Problem to work on
In the entries that follow, the lines from the line containing "1211226125 Rock Hill" up to and including the line containing "WWE Panini Prizm" must be copied exactly, with pictures omitted.
** Opening Information provided block **
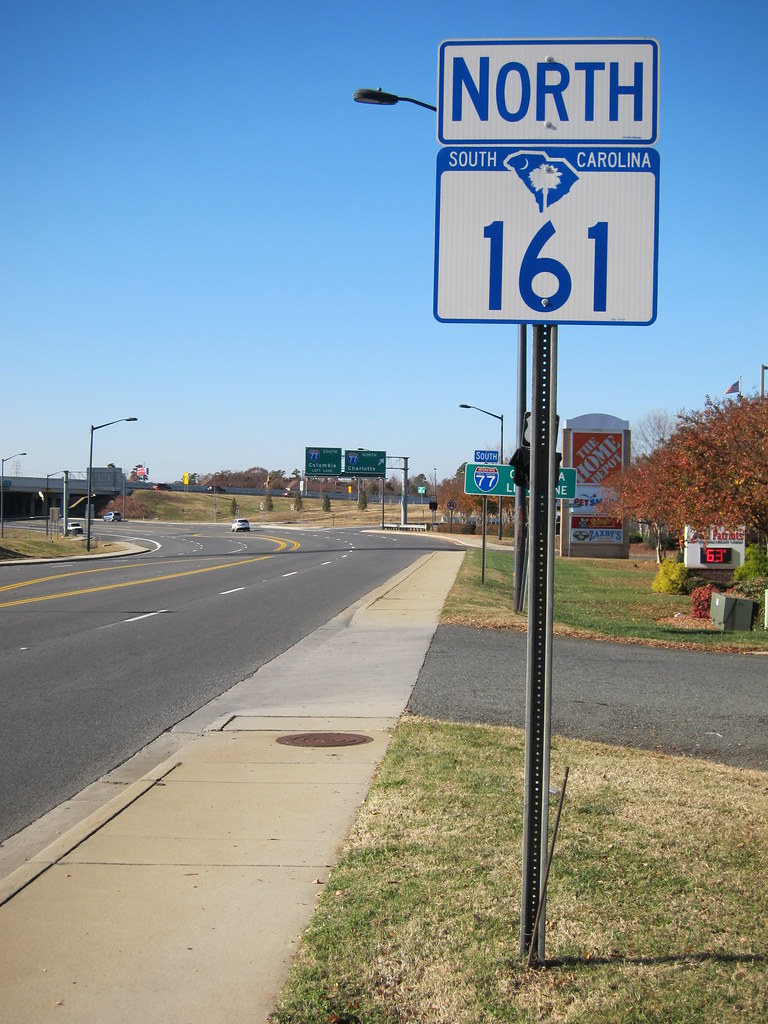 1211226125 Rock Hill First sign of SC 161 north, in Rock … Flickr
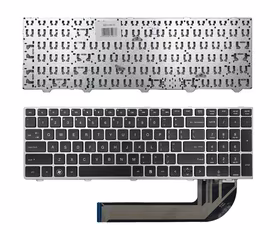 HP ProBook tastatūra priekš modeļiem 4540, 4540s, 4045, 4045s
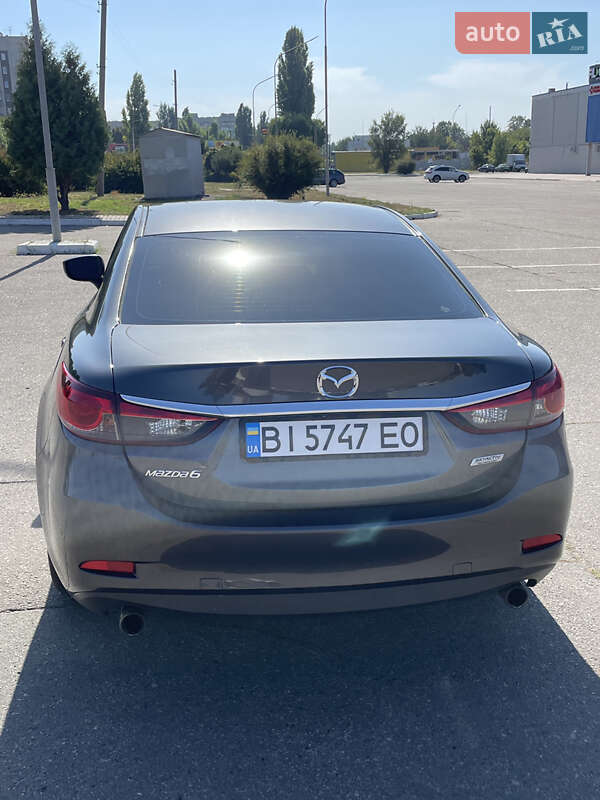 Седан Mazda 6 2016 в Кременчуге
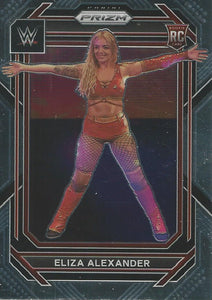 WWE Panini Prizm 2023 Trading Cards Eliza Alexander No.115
** Closing Information provided block **
** Opening Information provided block **
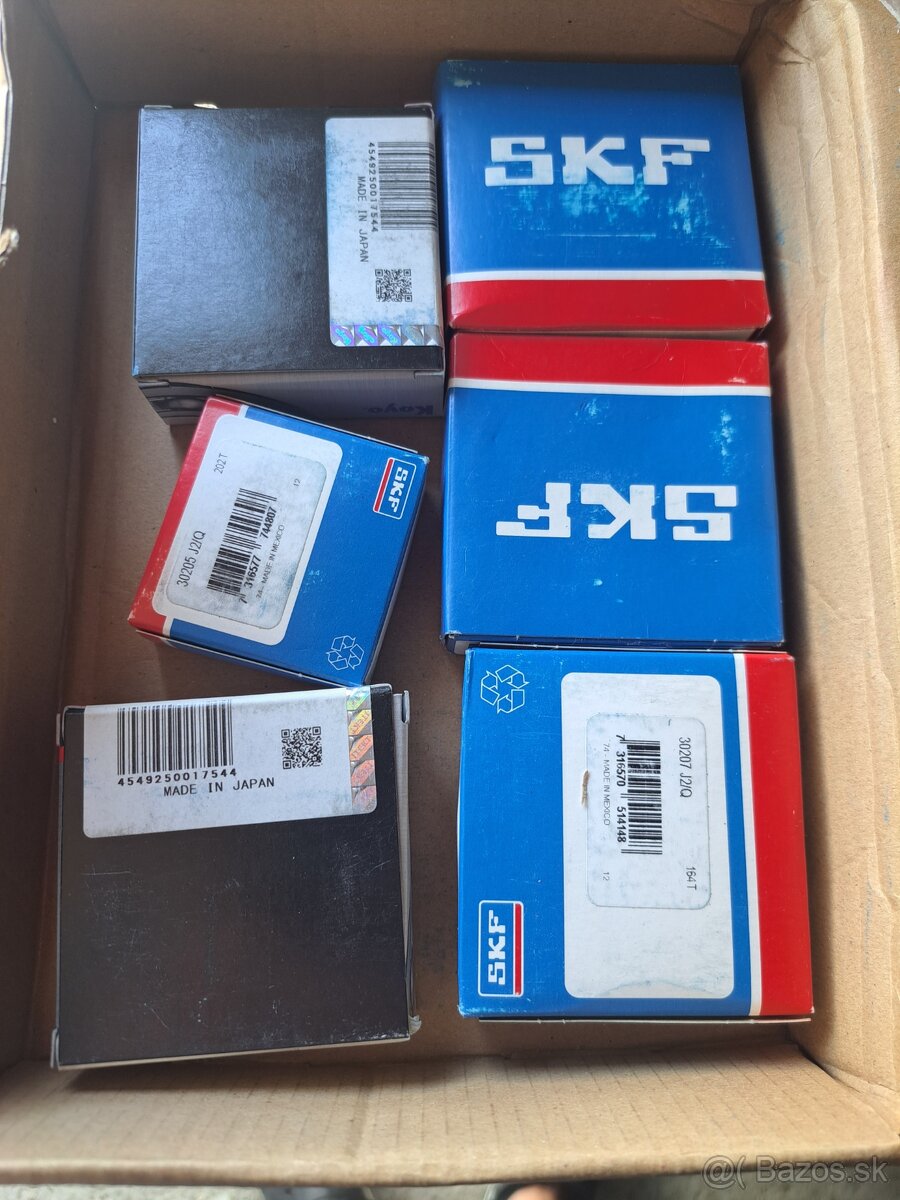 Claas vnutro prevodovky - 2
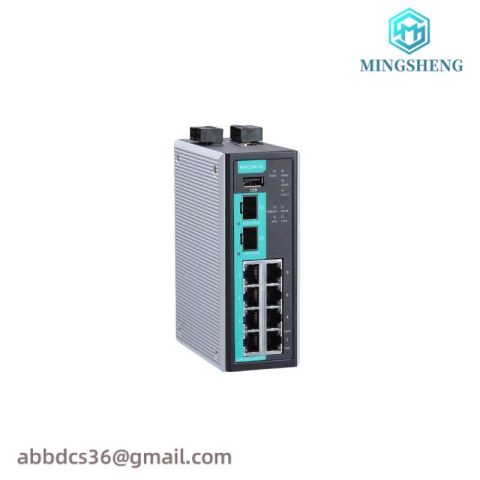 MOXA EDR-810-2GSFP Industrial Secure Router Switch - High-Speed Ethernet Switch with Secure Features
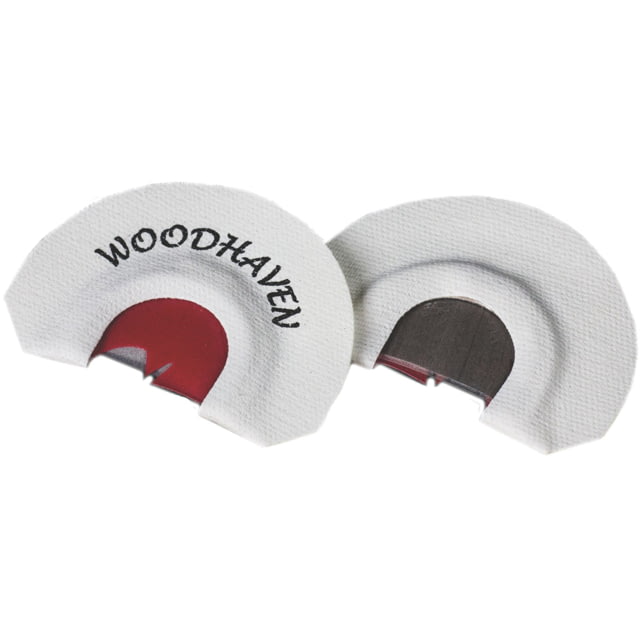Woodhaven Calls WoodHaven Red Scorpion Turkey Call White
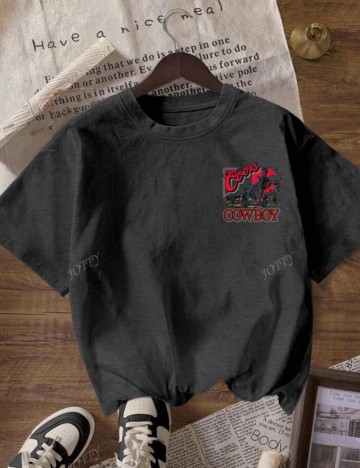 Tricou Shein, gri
** Closing Information provided block **
Task output
 1211226125 Rock Hill First sign of SC 161 north, in Rock … Flickr
 HP ProBook tastatūra priekš modeļiem 4540, 4540s, 4045, 4045s
 Седан Mazda 6 2016 в Кременчуге
 WWE Panini Prizm 2023 Trading Cards Eliza Alexander No.115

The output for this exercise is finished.